Nicole était épuisée, physiquement et psychologiquement. Elle envoya balader ce désagrément d’un revers de main, cela faisait bien trop de choses à gérer pour la soirée. Elle était saturée.

— Venez, je vous paie le taxi, dit-elle, je m’occuperai de la réclamer après les fêtes.

Louis accueillit son « nouveau papy » les bras grands ouverts. Lucky, par précaution, préféra ne pas suivre son ami et garda ses distances avec cet étranger, miaulant sa réticence. Greg sortit de son bureau pour le saluer à son tour et Nicole sauta sur l’occasion.

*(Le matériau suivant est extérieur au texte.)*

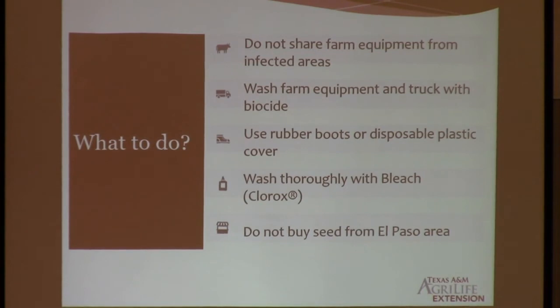Number three, if you go into a field that you know or you suspect is infected, wear rubber boots or cover plastic. And if you don't have any, you just need to wash your shoes very well, because the disease can be spread by the soil also. We might not be able to see it right away if you get the infection — sometimes it takes some time to accumulate enough for us to see it. So the earlier that we can detect it, the earlier we can contain it.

— Tu ne m’avais pas prévenu que Julien serait des nôtres ce soir.

— Et toi ? Tu n’étais pas partie en voiture tout à l’heure ?

— Je t’expliquerai plus tard…

— Avec mon boulot, cela m’était complètement sorti de la tête. Pardonne-moi. Mais je sais que tu fais toujours un festin et qu’il y en aura assez pour tout le monde.

Nicole ne releva pas. Elle avait assez eu d’émotions pour la soirée. Elle se contenta de déposer les derniers cadeaux sous le majestueux sapin et de débarrasser Julien de ses affaires.

Une minute plus tard, les convives étaient arrivés, s’émerveillant de ce spectacle incroyable que leur offrait leur hôte.

— Tout est parfait, dit une amie de Nicole. Avec toi, on est sûr que tu n’oublies pas le moindre détail.